Wer mit einem Spiel genügend Anschauungsmaterial dafür haben möchte, warum der MSV diese Saison absteigen wird, kann sich das 2:2-Unentschieden gegen Arminia Bielefeld ansehen. Ich schreibe absteigen. Abstieg, das denke ich, wie wahrscheinlich nahezu alle von uns, und ich schreibe das eine der Absteigerlieblingsworte drei Wochen vor Saisonende hier nicht. Wenn man Zahlen der Tabelle mit möglichen anderen Zahlen nach mathematischen Regeln kombiniert, kommt immer irgendwas bei raus. Solche Verfahren kennen Astrophysiker ja auch bei ihren Formeln für mögliche Parallelwelten, die aber für das Leben dann doch nur eine theoretische Rolle spielen.
Ich habe keine Lust, die Enttäuschung des gestrigen Abends noch einmal mit Worten lebendig werden zu lassen. Deshalb belasse ich es bei einigen kurzen Anmerkungen. Der MSV kann die Klasse nicht halten, weil Gegentore so fallen wie das der Bielefelder nach bereits sieben Minuten. Scheinbar wird die Defensive des MSV durch einen perfekten Konter der Bielefelder überwunden. Doch sah man schon zuvor und für mindestens 20 Minuten danach, wieviel Raum die Bielefelder Spieler jeweils besaßen, um den Ball zu führen.

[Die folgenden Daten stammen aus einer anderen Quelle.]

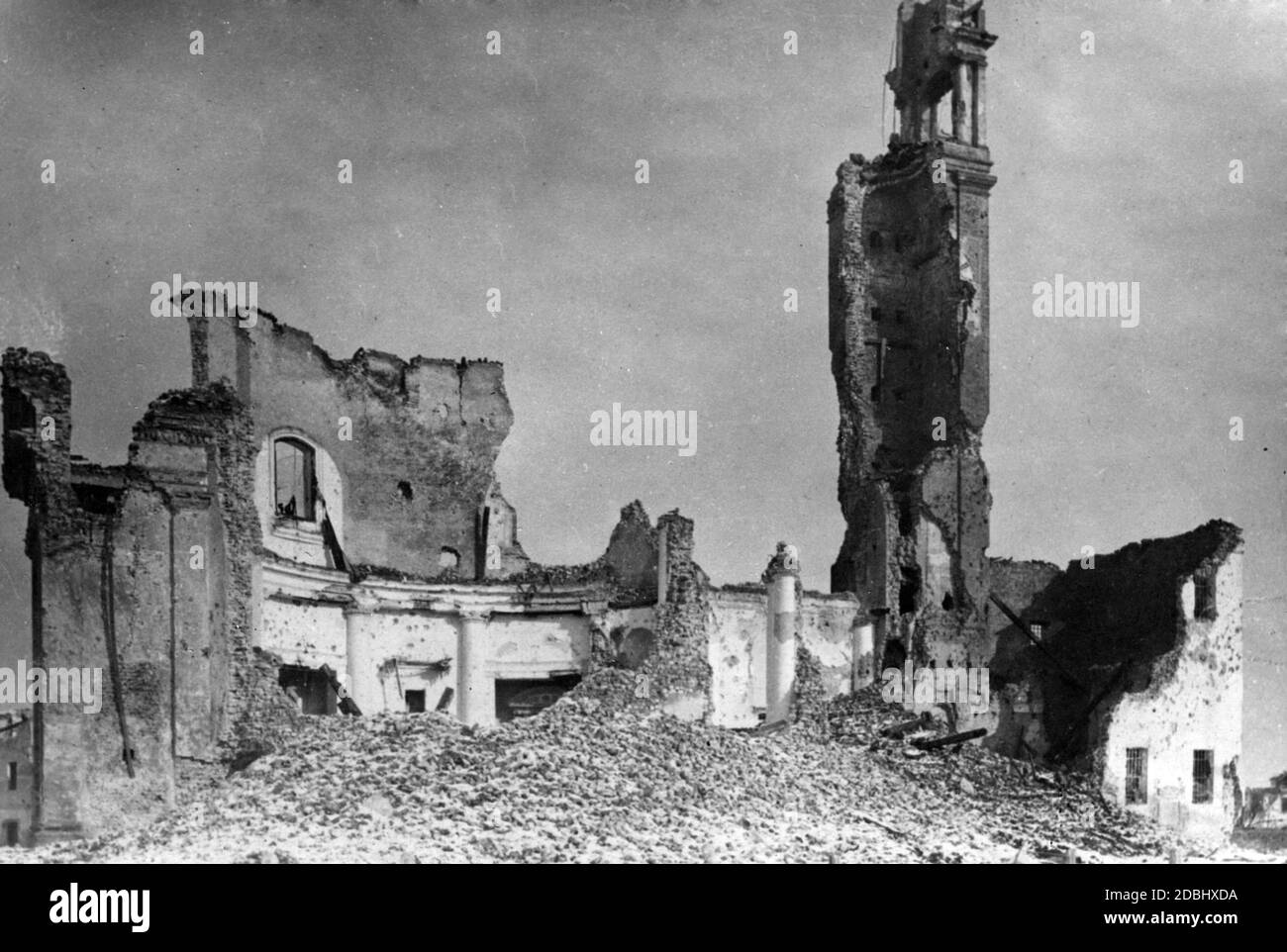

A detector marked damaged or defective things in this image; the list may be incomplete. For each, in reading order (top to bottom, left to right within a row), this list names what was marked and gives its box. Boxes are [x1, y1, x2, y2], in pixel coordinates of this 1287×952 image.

Dieser freie Raum von Gegenspielern war ein Grundproblem die gesamte Saison über. Ballführende Spieler des Gegners hatten auch in Strafraumnähe zu oft genügend Zeit, etwas sinnvolles mit dem Ball anzustellen. Dabei war es gleichgültig, ob der Gegner schnell in die Tiefe spielte oder der Ball mit überschaubarem Tempo um den 16-Meter-Raum herum gespielt oder gedribbelt wurde. Erschwerend kamen regelmäßig Abspielfehler in der Vorwärtsbewegung hinzu, die gestern allerdins nicht direkt zu Torgefahr der Bielefelder führten.
Bezeichnend für die Offensive dieser Mannschaft waren die letzten 15 Minuten des Spiels. Die Mannschaft weiß, es gibt nichts zu verlieren. Sie muss das Spiel gewinnen und erarbeitet sich drei große Chancen. Der Torwart hält sehr gut oder der Ball geht am Tor vorbei. An diesem Geschehen lässt sich erkennen, dass die Mannschaft offensichtlich erst dann ausreichendes Risiko des Offensivspiels eingehen kann, wenn sie nichts mehr zu verlieren hat. Erst dann kann die Mannschaft so viel Druck auf das gegnerische Tor ausüben, dass sie zu klaren Chancen kommt. Einige klare Chancen reichen aber nicht aus, um ein Tor zu erzielen. Die Mannschaft braucht sehr viele klare Chancen, um einen Torerfolg wahrscheinlich zu machen. Eigentlich braucht sie keine klaren Chancen, sondern todsichere Chancen und davon am besten mindestens drei, damit wenigstens ein Tor erzielt werden kann. Wahlweise genügt auch eine Freistoßsituation, zentral in Strafraumnähe oder ein Elfmeter. Wenigstens dafür gibt es mit Kevin Wolze einen Spieler mit sicherem Abschluss.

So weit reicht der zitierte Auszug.